Planned and edited by Dr. Jacob E. Nyenhuis, who is director of the A.C. Van Raalte Institute and provost emeritus and professor emeritus of classics at Hope, the volume has been published this month by the William B. Eerdmans Company of Grand Rapids, Mich., and Cambridge, United Kingdom, as part of the Historical Series of the Reformed Church in America.

"Because we feel deep affection for him, we wanted to do something special for his birthday and retirement, and a festschrift is one of the highest forms of esteem that one can offer," Nyenhuis said. "I invited 15 people, including myself, to submit essays for it and everybody accepted."

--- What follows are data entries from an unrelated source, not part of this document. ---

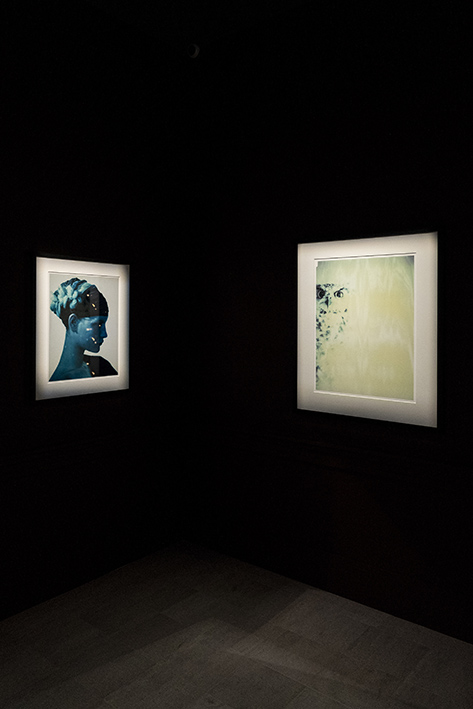Galleria Paolo Roversi - MAR @ Alessandro Levati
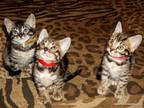 Very Cute Bengal Girls Available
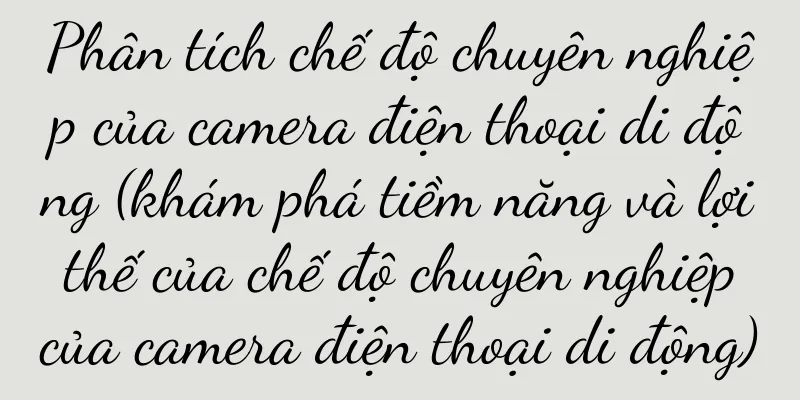 Phân tích chế độ chuyên nghiệp của camera điện thoại di động (khám phá tiềm năng và lợi thế của chế độ chuyên nghiệp của camera điện thoại di động)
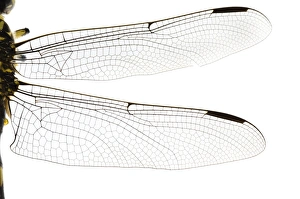 Insect Macro Photography Prints: Dragonfly wing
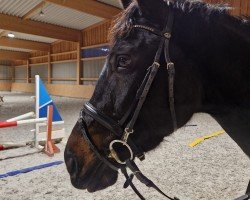 Springpferd Copin's Girl (Oldenburger Springpferd, 2018, von Hh Copin van de Broy)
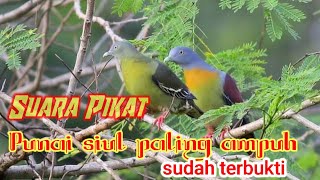 Suara Punai Siul, Mp3 Punai Bakou paling ampuh 💯% buat Pikat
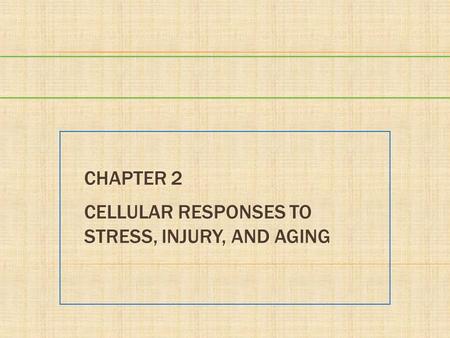 Chapter 2 Cellular Responses to Stress, Injury, and Aging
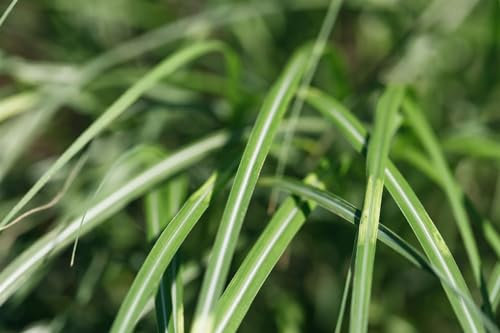 Miscanthus sinensis 'Cabaret' – Winterhart, Mehrjährig, Pflegeleicht – Chinaschilf – Ziergras für Beete & Sichtschutz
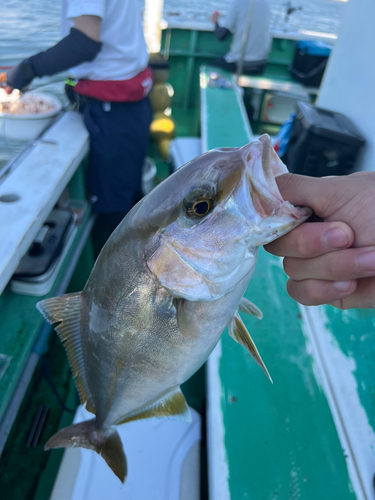 カンパチの釣果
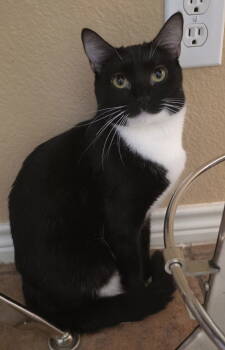 Rescue Domestic Short Hair Cats for Adoption in Mckinney, Texas - Onyx | PetCurious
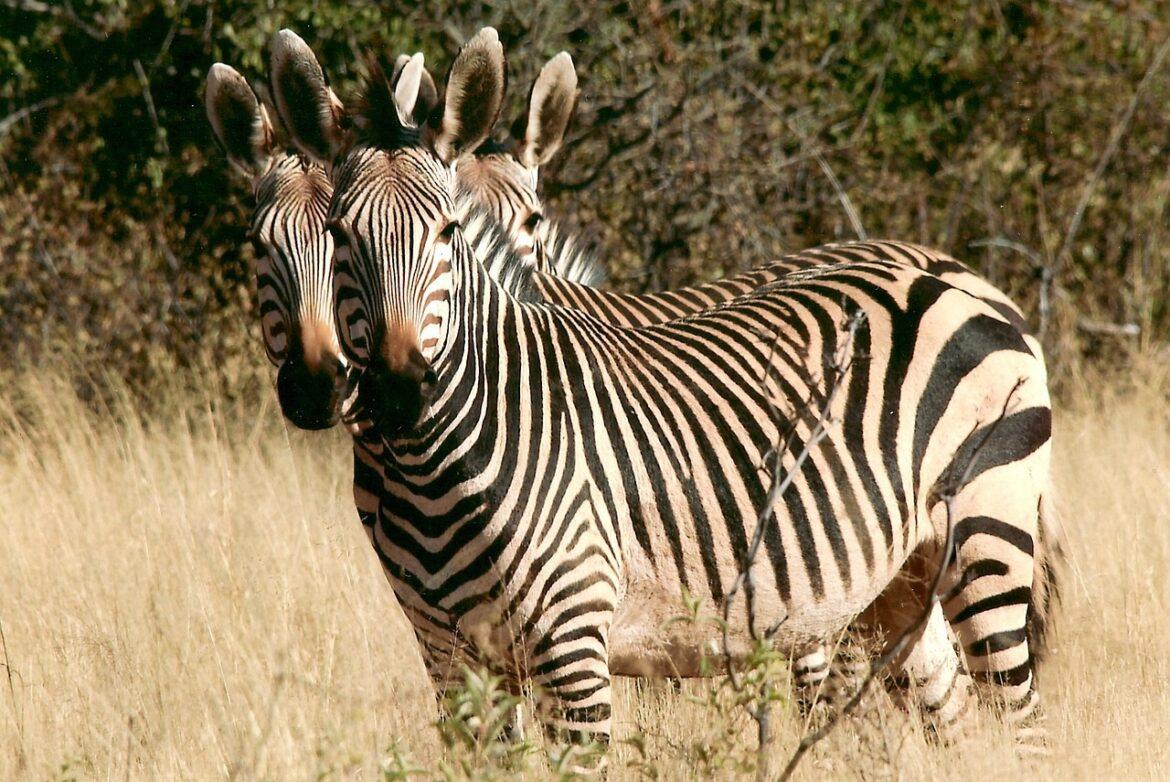 zebra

Bruins learned of the book during a surprise party held at the college on Wednesday, June 6, and then was additionally recognized the next morning during the opening of the biennial conference of the Association for the Advancement of Dutch-American Studies, convening on campus on Thursday-Saturday, June 7-9.

After graduating from Hope and Western Theological Seminary in 1950 and 1953 respectively, Bruins went on to serve as pastor of two Reformed Churches in New York State, where he also completed his doctorate. He returned to Hope in 1966 as a member of the religion faculty, serving until retiring in 1992 as the Evert J. and Hattie E. Blekkink Professor Emeritus of Religion. From 1984 to 1989 he served as dean for the arts and humanities, and in fall 1989 as acting provost. He became founding director of Hope's A.C. Van Raalte Institute in 1994, a position he held until 2002; he was subsequently named the Philip Phelps Jr. Research Professor at the institute. He is officially retiring from his research position this summer, although he will continue to work with the program informally.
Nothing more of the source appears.